━━━ Materials provided ━━━

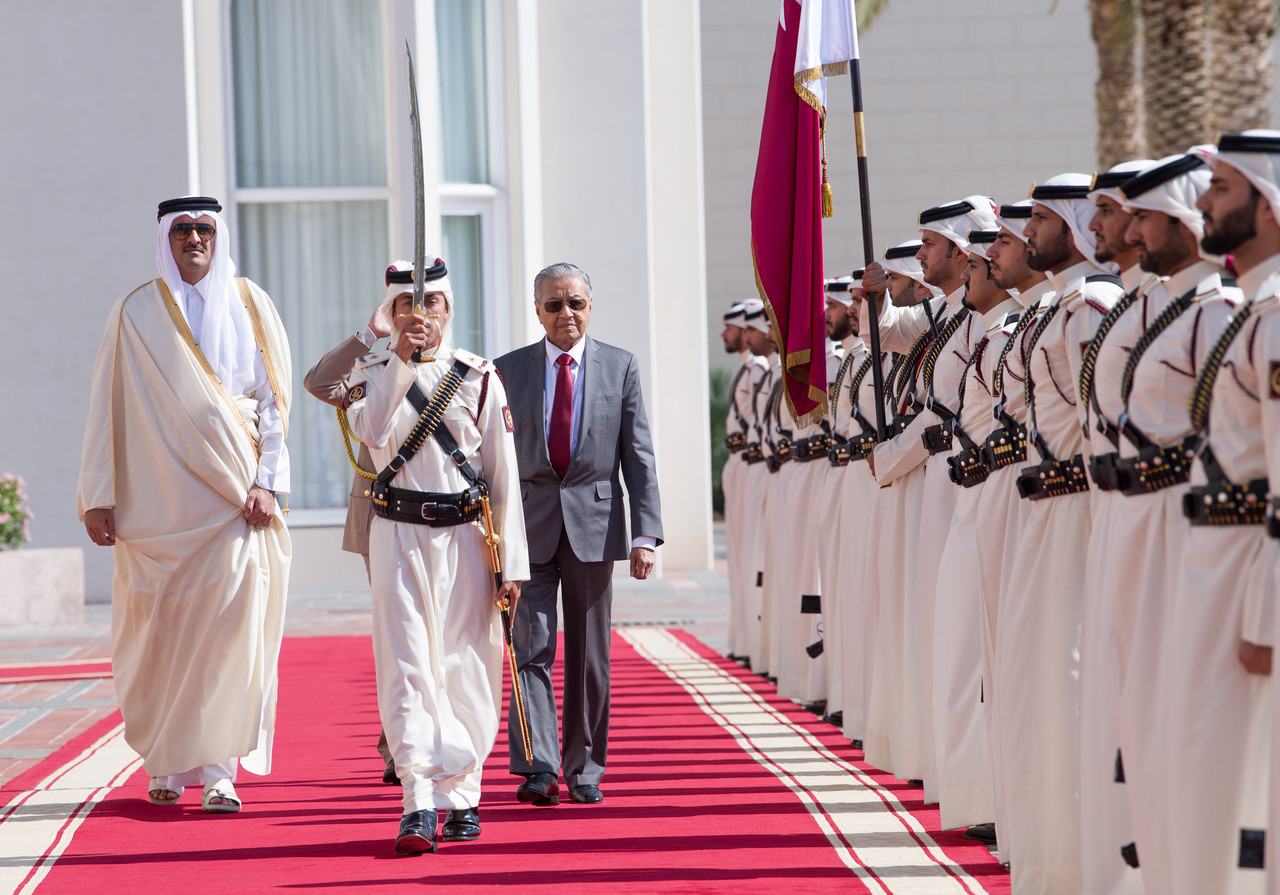 Emir of Qatar commends Malaysia’s efforts on KL Summit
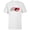 White, variant on Disney Valentine's Day Lil Bro Gift Family Matching Trip - Short Sleeve T-Shirt for Kids - Customized-White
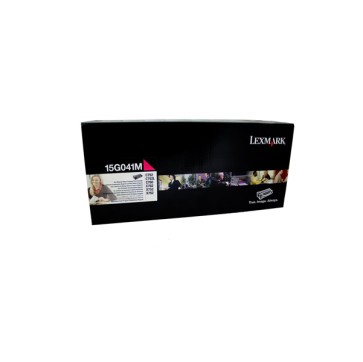 Lexmark - Toner - Magenta - 15G041M - return program - 6.000 pag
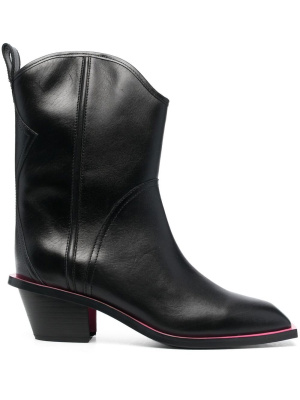 

Western 55mm calf-length boots, MSGM Western 55mm calf-length boots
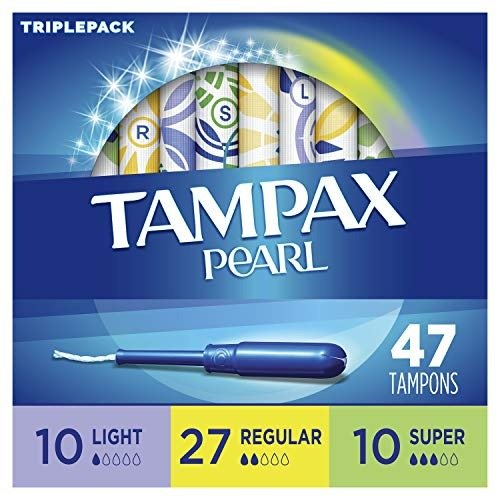 Tampax 卫生棉条 47条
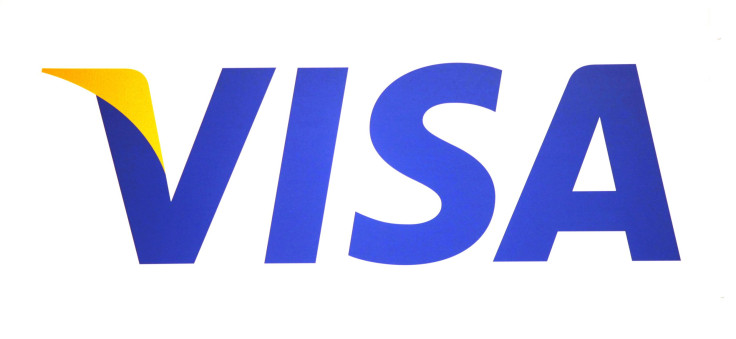 Visa Logo, New Orleans, May 9, 2012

━━━

:: Task to complete ::
Reproduce the whole listing word for word, setting aside any pictures.

:: Task solution ::
 Emir of Qatar commends Malaysia’s efforts on KL Summit
 White, variant on Disney Valentine's Day Lil Bro Gift Family Matching Trip - Short Sleeve T-Shirt for Kids - Customized-White
 Lexmark - Toner - Magenta - 15G041M - return program - 6.000 pag

Western 55mm calf-length boots, MSGM Western 55mm calf-length boots
 Tampax 卫生棉条 47条
 Visa Logo, New Orleans, May 9, 2012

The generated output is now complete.